Espinoza v. Montana Department of Revenue

Originally posted on


A scholarship program for low-income Montana students  

Children in Montana have been stripped of their right to participate in a modest scholarship program simply because they attend religious schools.

In 2015 the state legislature passed the Montana Tax Credit Scholarship Program, which allows Montanans a tax credit for $150 of their contributions to a privately-run scholarship program. However, the Montana Department of Revenue refused to implement the program citing the state’s Blaine Amendment, an archaic anti-religious law that forbids tax credits going to schools owned or operated by a “church, sect, or denomination.”

Treating religious school students as second-class citizens 

The Department then created its own rule that limits the use of scholarship funds to children that attend non-religious private schools, leaving religious schools out in the cold. By denying religious schools the ability to participate in a widely available public program, the Montana Department of Revenue stands in defiance of the Supreme Court’s June 2017 decision in Trinity Lutheran v. Comer that ruled religious groups cannot be barred from participation in widely available public programs simply because they are religious.

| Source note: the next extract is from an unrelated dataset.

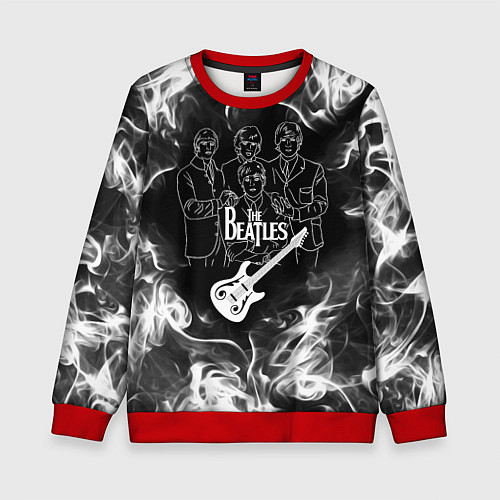 Детский свитшот The Beatles / 3D-Красный – фото 1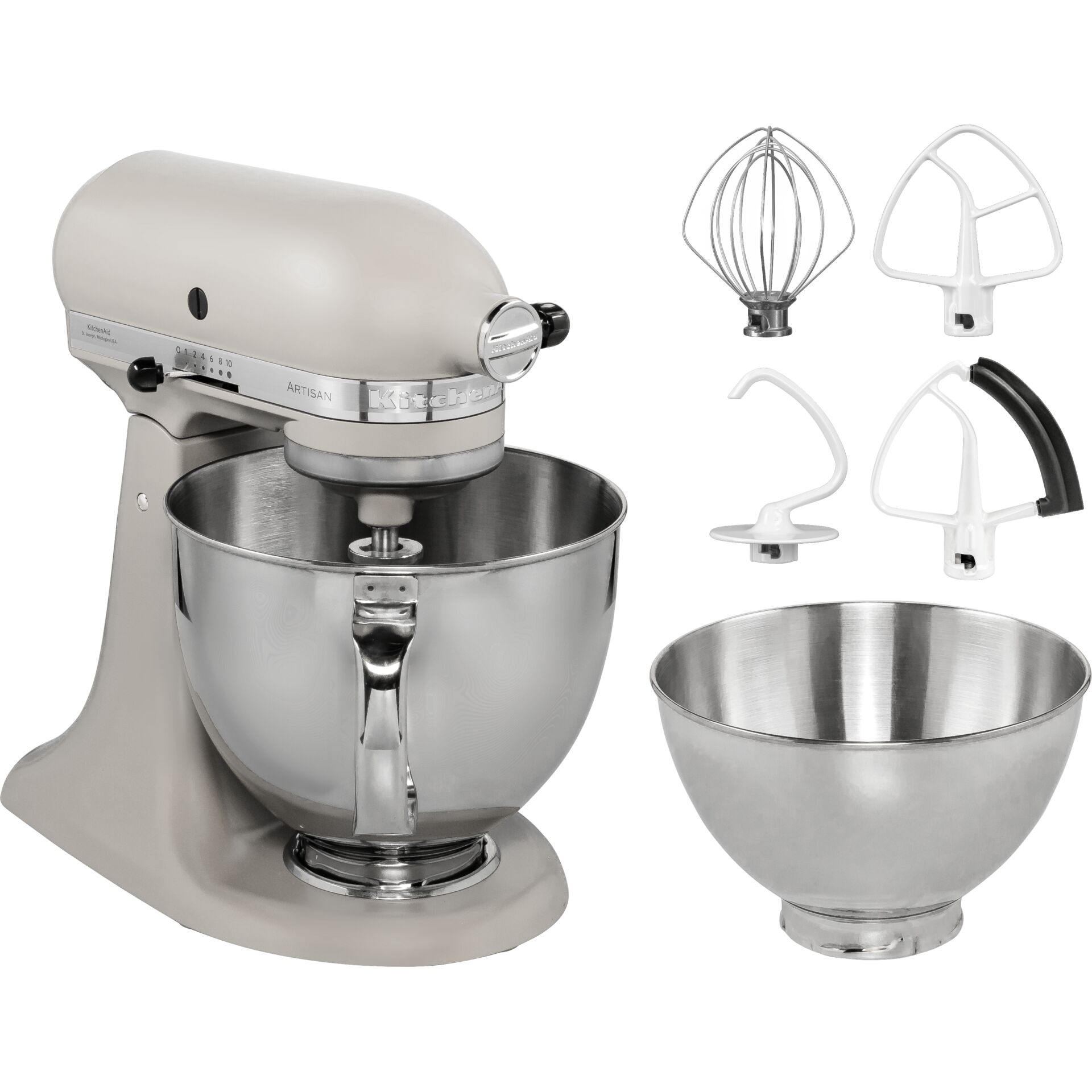 KITCHENAID 5KSM175PSEPL - Robot da cucina Artisan bianco porcellana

Institute for Justice, as well as Holland & Hart LLP, represent three low-income Montana mothers who would like to use the program to help send their children to religious private schools.

Becket supports equal treatment of religious schools in public programs 

In January 2018, Becket filed a  friend-of-the-court brief  at the Montana Supreme Court in support of the parents, arguing that religious organizations cannot be treated as second-class citizens when it comes to widely available public benefit programs.

Oral argument  was held on April 6, 2018 at the Montana Supreme Court, which in December 2018, ruled against the scholarship program. On March 13, 2019, the Montana parents appealed to the U.S. Supreme Court. On June 28, 2019 the Supreme Court agreed to hear the Montana mothers’ case. On September 18, 2019, Becket filed a friend-of-the-court brief arguing that the discriminatory history of the Blaine Amendments renders them unconstitutional, and that religious organizations cannot be treated as second-class citizens when it comes to widely available public benefit programs. Oral argument is expected to take place early next year.

Importance to Religious Liberty: 

  • Education: Religious schools should be able to participate in publicly available programs without discrimination, and religious school students should be able to participate in these programs on equal footing as students who attend non-religious schools.
  • Dismantling discriminatory state laws: So long as anti-religious laws from the mid-19th century called Blaine Amendments remain in the books, people of all faiths can face discrimination, simply because they choose to attend a religious school.
  • Reinforcing precedent set by Trinity Lutheran v. Pauley: In June 2017, the U.S. Supreme Court ruled 7-2 that the state of Missouri can’t prevent a religious school from participating in a publicly available program that provides shredded-tire resurfacing to make playgrounds safer for kids on equal footing with other schools.